To date, members include: Cyprus (as the lead or ‘champion’ country), The Bahamas, Bangladesh, Barbados, Fiji, Malaysia, Mauritius, Seychelles and Trinidad and Tobago.

Following the action group’s inaugural meeting in Cyprus on 25-27 February, the Director of Fisheries and Marine Resourses, Ms Marina Argyrou said: “Aquaculture, being the fastest growing food producing industry on a global scale,  has an important role in contributing to food security, creating employment opportunities, as well as improving the welfare of local communities.

“It also has the potential to provide environmental services in the framework of fisheries re-stocking programmes, as well as restoration projects for mangroves and corals.”

Ms Argyrou referred to aquaculture as a “main pillar of blue growth”, adding that: “It is our obligation to develop it in a sustainable way so as it will be financially viable, socially acceptable and environmentally compatible.”

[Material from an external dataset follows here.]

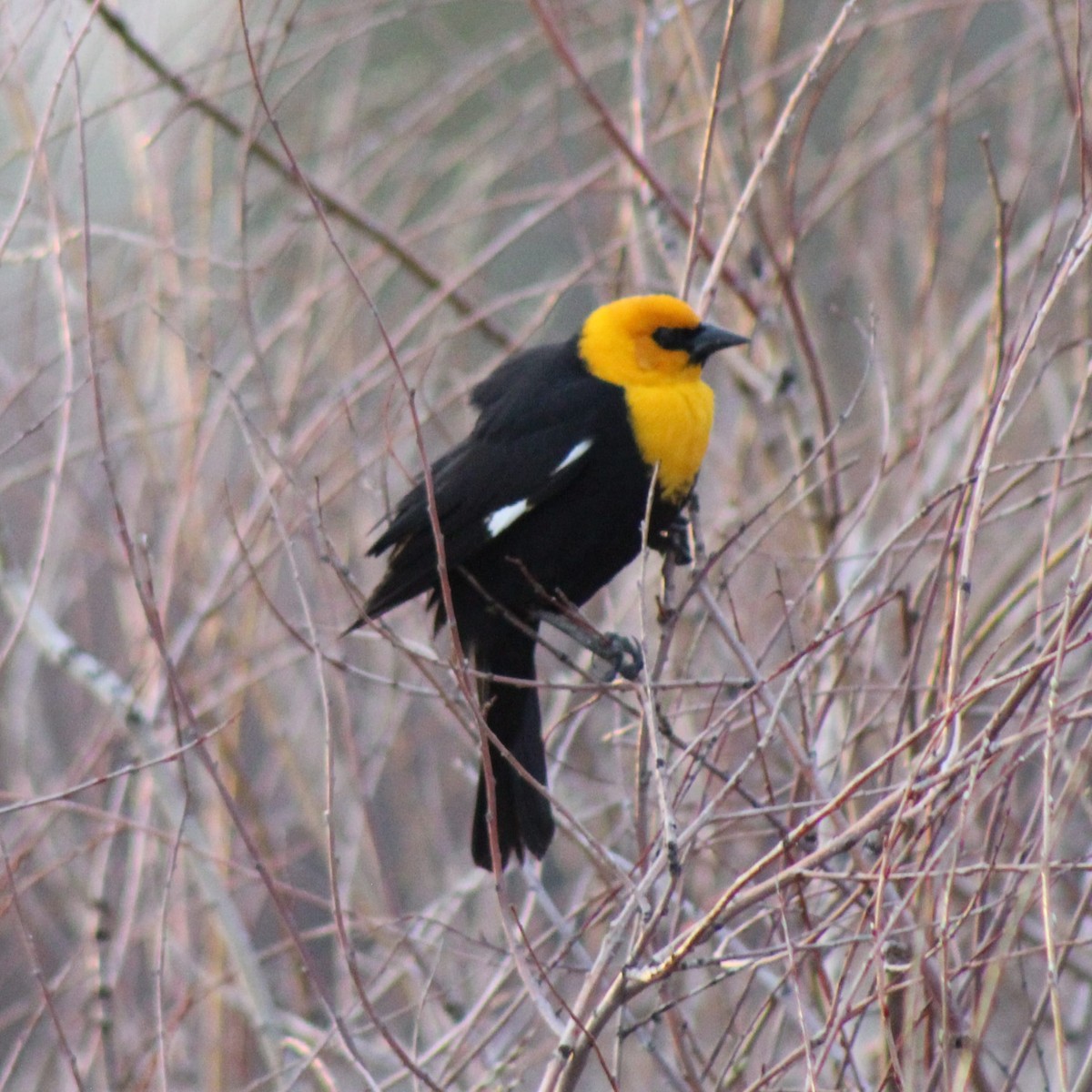 Yellow-headed Blackbird - ML618642529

The Action group will assess aquaculture practices in member states, outline shared priorities for action, and establish a framework for cooperation with the European Union and other international organisations.

It is one of 10 such groups under the Commonwealth Blue Charter – an agreement by all Commonwealth leaders to cooperate actively to protect ocean health and promote good ocean governance.

These action groups are led by ‘champion’ countries have stepped forward to rally members around key ocean issues, such as marine pollution, climate change, ocean acidification and the sustainable blue economy.

Ms Argyou concluded: “Cyprus is honoured to champion the Commonwealth Blue Charter Action Group on sustainable aquaculture. We hope this platform will spur action among like-minded countries and partners, with a focus on knowledge-sharing, cooperation, and taking a science-based approach to sustainably develop our activities.”